Now we take a left turn and head out west, where Marty Robbins will spin a tale of old El Paso.

Lubbock's Butch Hancock wrote the classic West Texas Waltz but I like the way his Flatlanders bandmate Joe Ely sings it more.

From Lubbock we head up 87, the Amarillo Highway. Terry Allen wrote it but I prefer Robert Earl Keen's version better. More from REK later.

I don't wear no Stetson
But I'm willin' to bet son
That I'm as big a Texan as you are

Can't have a Texas playlist without George Strait's Amarillo By Morning.

We'll stay up in the Panhandle for a minute to catch Texas country music supergroup The Panhandlers' West Texas in My Eye, written by Charlie Stout. Check out the video with William Clark Green, John Baumann, Cleto Cordero and Josh Abbott taking turns on the verses.

Lately I've been thinking that I could leave this town
I'd cut back on my drinking, stop this running 'round
Playing songs 'til after midnight, staying up till dawn
There's something in the dust and wind that keeps me hanging on
And I never thought I'd live to see the day I'd say goodbye
I ain't crying, that's west Texas in my eye

From the Panhandle we head down to Dallas, Jimmie Dale Gilmore's song. Once again we are going with his Flatlanders bandmate Joe Ely's version.

You can't have a playlist about Texas without Tanya Tucker's Texas (When I Die).

Texas Sun by Houston's Khruangbin, with a vocal by Fort Worth's Leon Bridges, is a little tour of Texas by itself.

I had to include Wide Open Spaces by The Chicks, which is clearly about Texas even if it doesn't mention Texas. If I had to pick one voice that represents Texas it would be Natalie Maines's!

Sir Douglas Quintet's Texas Tornado starts out in Port Aransas and wipes out a bunch of Texas cities includes Galveston, Amarillo, Houston and Corpus Christi.

Speaking of Corpus, Robert Earl Keen tells us about life on the Corpus Christi Bay.

From the coast we'll head back toward Houston.

The Yellow Rose of Texas goes back to the 1840s. Many historians believe it is about Emily Morgan, a free mulatto working for Capt. James Morgan in 1836 whom Santa Anna met when his army came through what is now the Houston area in pursuit of the Texian army under the leadership of Sam Houston. To get at her, Santa Anna stopped in an indefensible position in San Jacinto, and was in his tent with her when the Texians attacked and routed the much larger Mexican army. Santa Anna was captured and was traded back to Mexico in exchange for Texas's freedom. Everybody in the world has recorded this song, from Gene Autry to Mitch Miller. My favorite, by Artie Morris, is not available on Spotify, so I'm going with Texan Michael Martin Murphey's version.

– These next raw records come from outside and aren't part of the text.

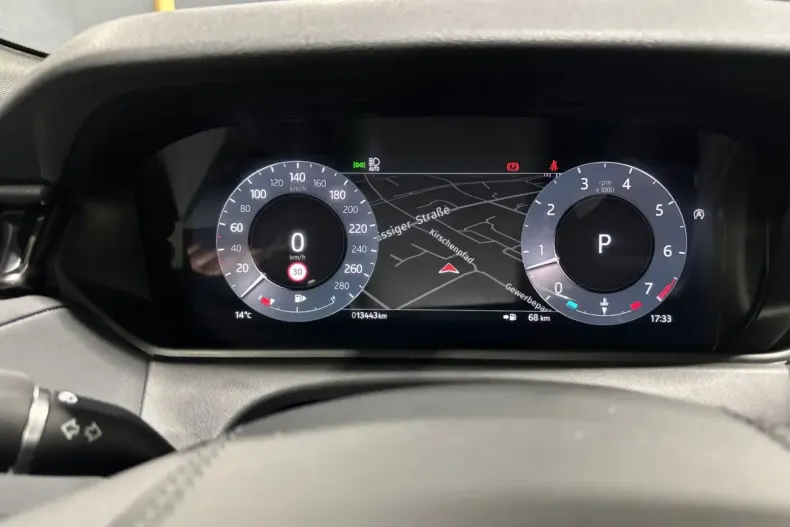 Land Rover Range Rover Velar din 2023 cu 13.000 km - oferta LAN163272 - foto 39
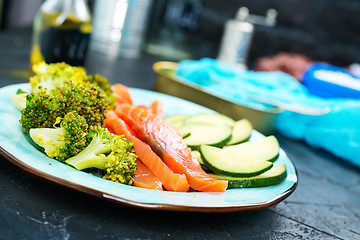 Image showing salmon with vegetables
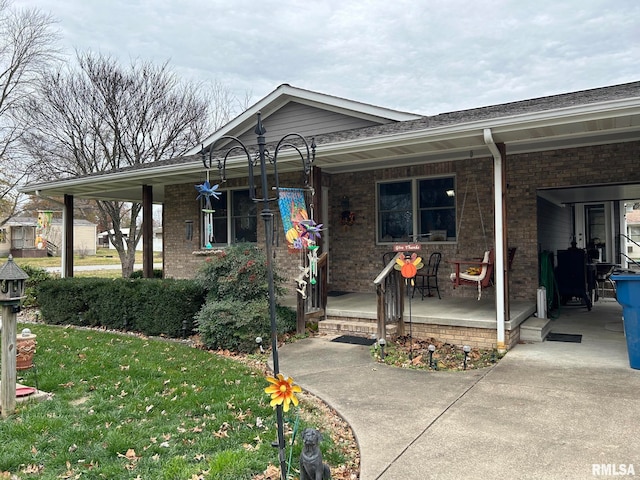 view of front of house with a porch and a front lawn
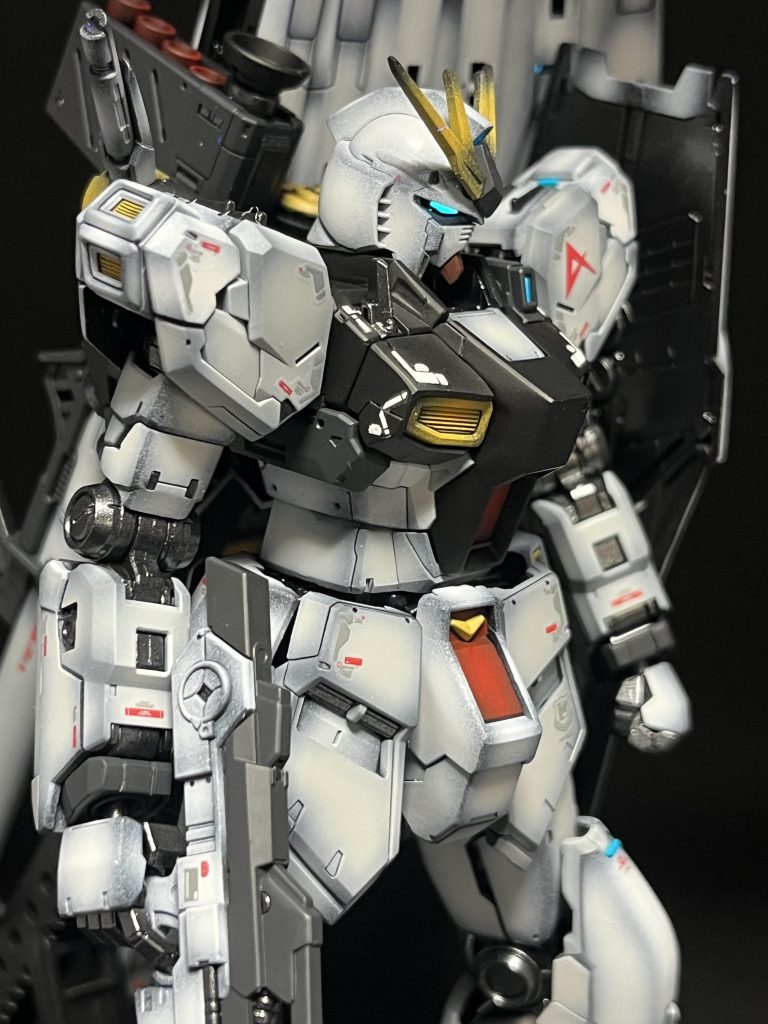 フレーム クレオス:GXメタルブラック白 ガイア:ニュートラルグレー1・2黒 ガイア:ハウンドブラック・ジャーマングレー黄色 ガイア:マンダリンイエロー赤 フィニッシャーズ:シルクレッドフレームはいつものツヤ有り、外装はフラットでメリハリをつけてます🤔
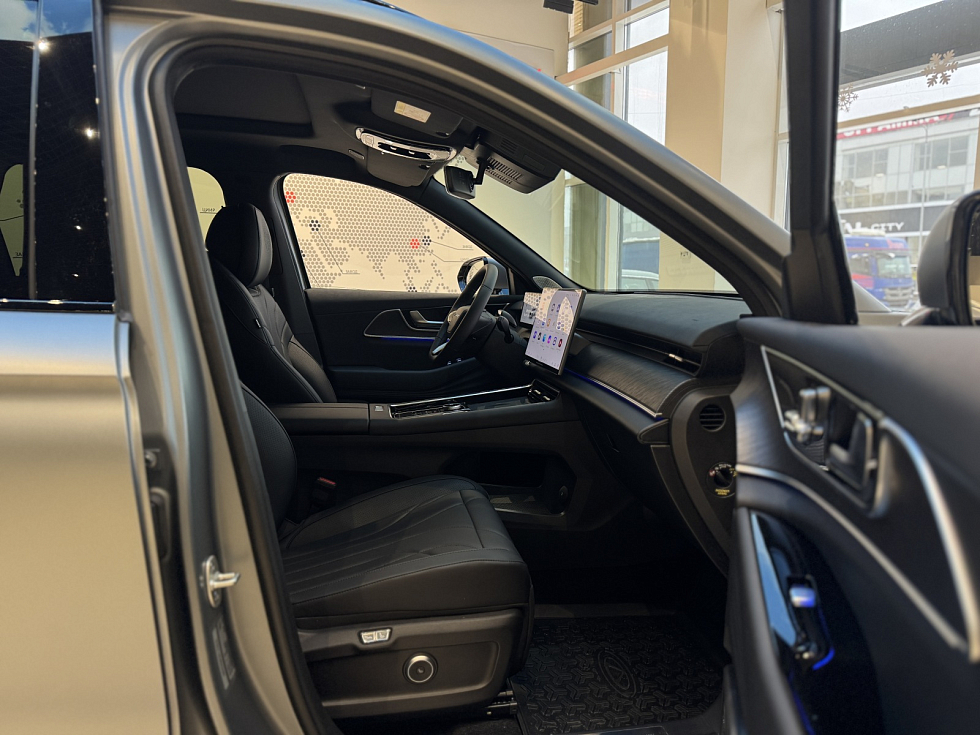 Chery Tiggo 9 Ultra, серебряный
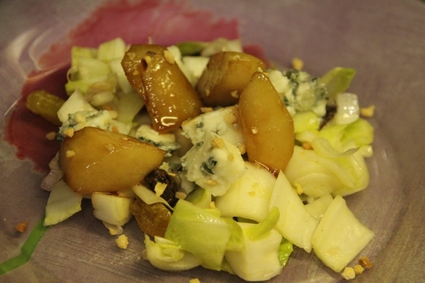Recette de salade tiède d'endives, roquefort et poires caramélisées ...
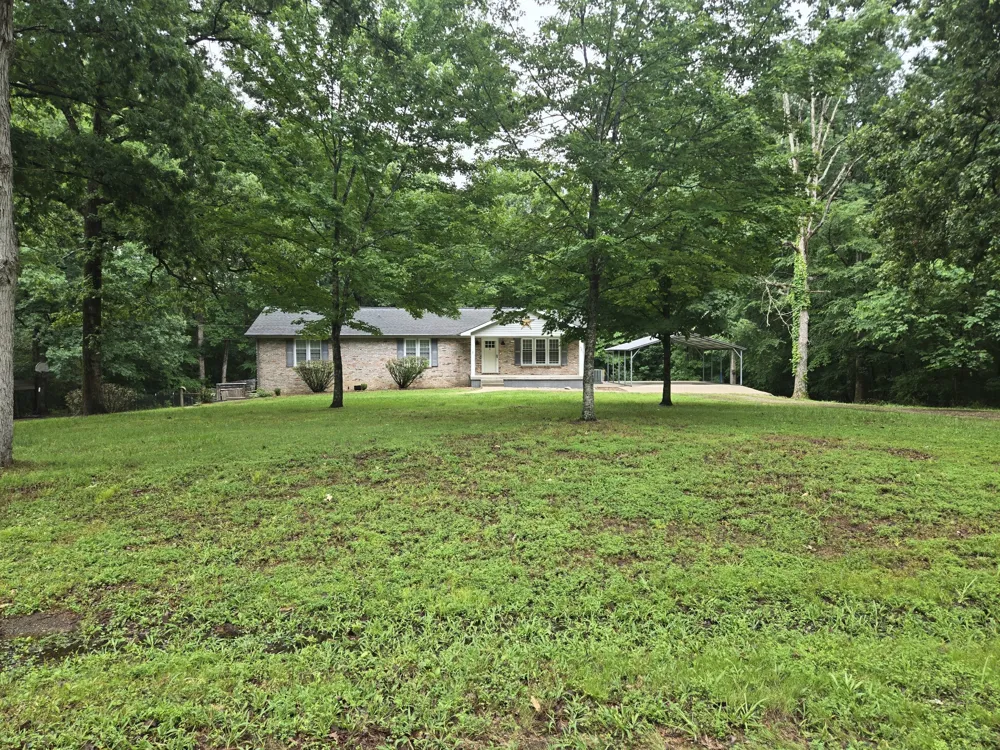 955 Dogwood Dr New Johnsonville, TN 37134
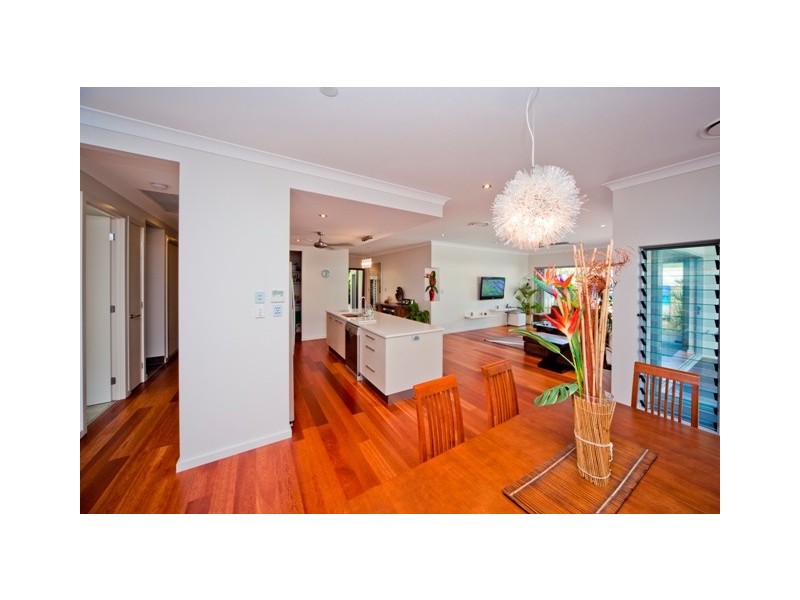 21 Muller Street, Palm Cove QLD 4879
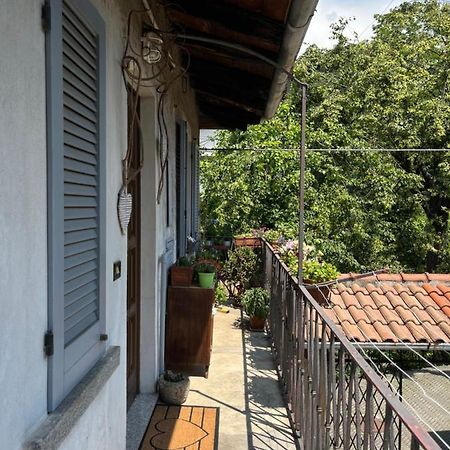 Gabbinoholidayhome Appartamento In Suggestiva Corte Como Exteriér fotografie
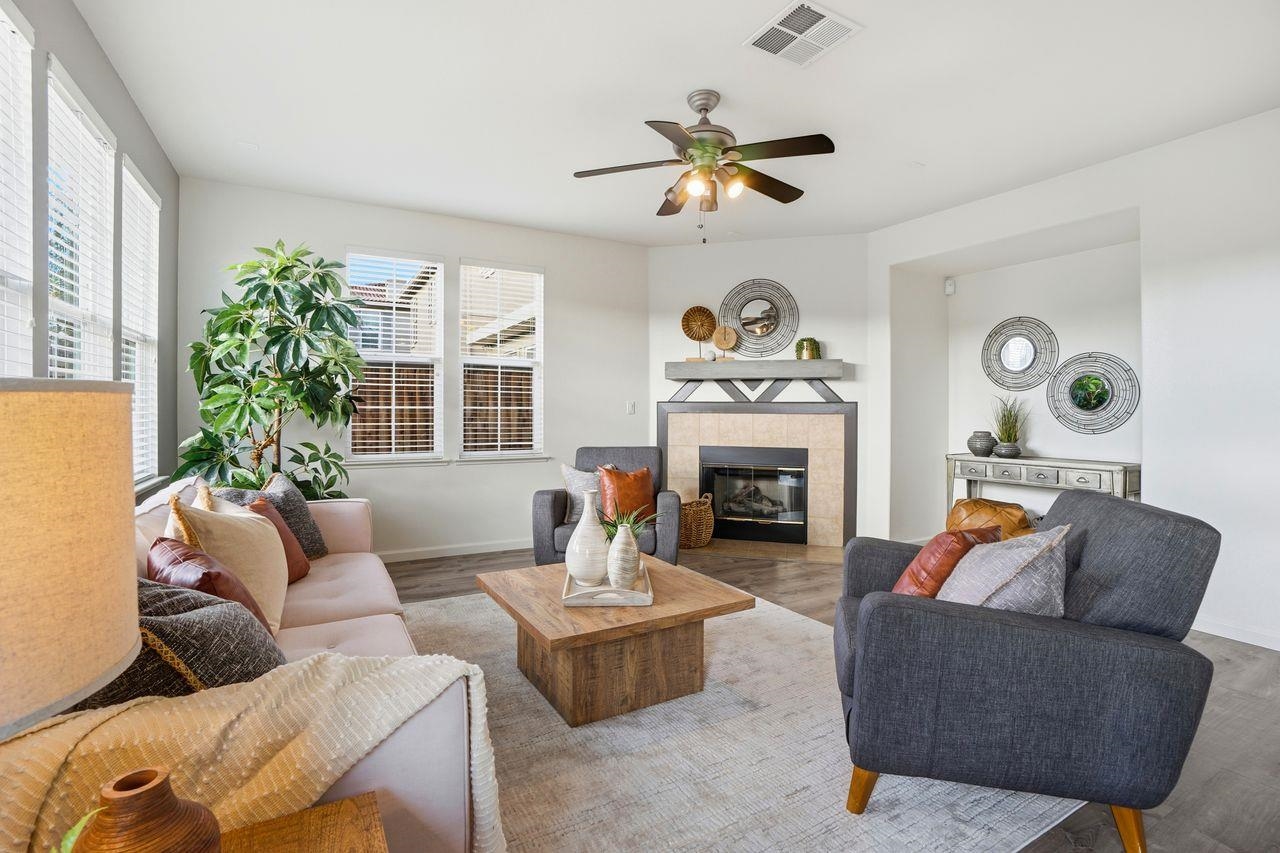 Detail Gallery Image 8 of 43 For 3504 Alberti Ct., Antioch,  CA 94509 - 4 Beds | 2/5 Baths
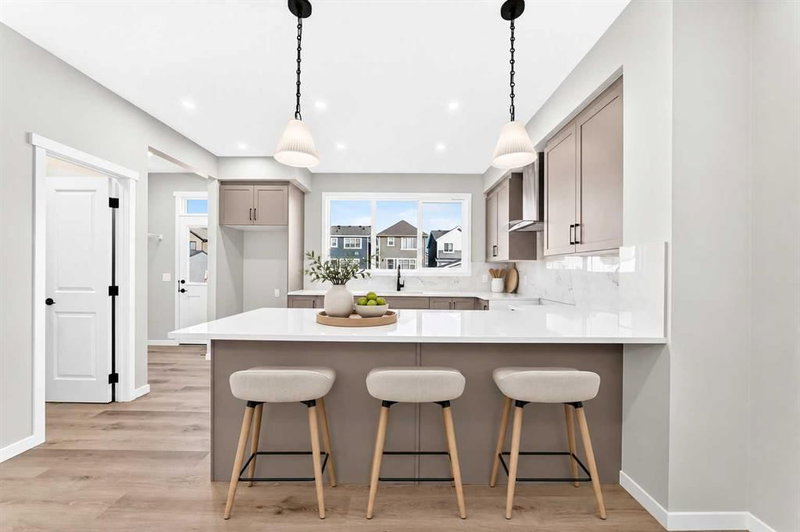 72 Mercado Road SE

Houston's most successful musical export of course is Beyoncé and this is her song about her father, Daddy Lessons. I picked the version where she is backed up by The Chicks. What a combination!

Before we leave the town, we need to hear Larry Gatlin and the Gatlin Brothers' Houston (Means I'm One Day Closer To You).

Asleep at the Wheel are from Philadelphia but they have been the biggest proponent of Western Swing since they got here in the 70s so let's celebrate this road trip with Miles and Miles of Texas. And, yes, I'm gonna live here until I die.

I hoped you enjoyed this Waltz Across Texas. Take us home, Ernest Tubb!